S’extirpant miraculeusement de son étiquette de Cat Power soft, Emily Jane White baigne dorénavant dans une americana à l’architecture baroque, dans un Far-West cerné de khôl tel que Nick Cave et ses Bad Seeds l’envisagèrent au moment d’enregistrer « Henry’s Dream ». Dans cet univers fantomatique, parfois très sombre, les guitares se dévoilent avec parcimonie pour mieux faire claquer chaque accord ; les synthétiseurs dessinent une ambiance religieuse, cérémonielle parfois ; la voix-berceuse d’Emily Jane White sert de guide et de contrepoint doucereux à l’ambiance spectrale de ces neuf titres hésitant entre le torve et le venimeux.

Forcément, référence inévitable, l’ombre de Polly-Jean Harvey s’incruste dans de nombreuses chansons de « Blood / Lines » (la langueur de « My Beloved » et « Thoroughbred » pourraient sortir de « To Bring You My Love »). PJ Harvey étant la plus grande chanteuse / compositrice du monde, on a tendance à sournoisement passer un coup de balai sur la moindre vocaliste féminine s’essayant aux indomptables « Dry » ou « Is This Desire ». Mais là, non. Emily Jane White partage certes de nombreuses accointances avec Polly-Jean, il ne s’agit cependant que de sensibilités ou de références communes (on imagine très bien Emily Jane White connaître en détails l’œuvre d’Emily Brontë). Sans bien sûr atteindre chaque cime gagnée par PJ Harvey, « Blood / Lines » s’impose comme suffisamment personnel et habité pour que le cousinage finisse par tourner court au grès d’écoutes attentives.
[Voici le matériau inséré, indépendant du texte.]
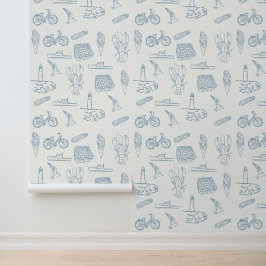 De zomer van New England Behang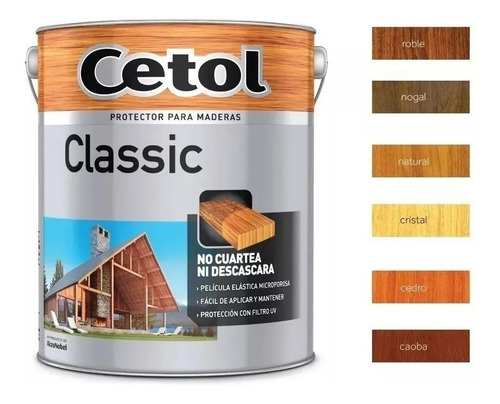 Imagen 1 de 5 de Cetol Exterior Brillante 4 Lts Protector Madera Cuotas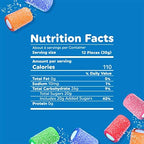 Airheads Soft Filled Candy Bites, Assorted Fruit Flavors, Easter Candy, Easter Basket Essentials Stuffers for Kids and Adults, Individually Wrapped Chewy, 6 Ounces (12-Pack)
En fait, Emily Jane White donne aujourd’hui l’impression d’une artiste tellement émancipée qu’il serait injuste de parler références à son propos. Filiation serait plus juste. Car de la même façon que Neil Young reste indissociable d’Hank Marvin et R.E.M. de Big Star (sans que cela n’ait empêché ces artistes de sonner de façon unique), Emily Jane White appartient à une lignée incluant Nick Cave, Bill Callahan ou donc PJ Harvey… Une généalogie qui n’aime rien moins que secouer avec des caresses la routine de l’auditeur parfois un peu trop blasé.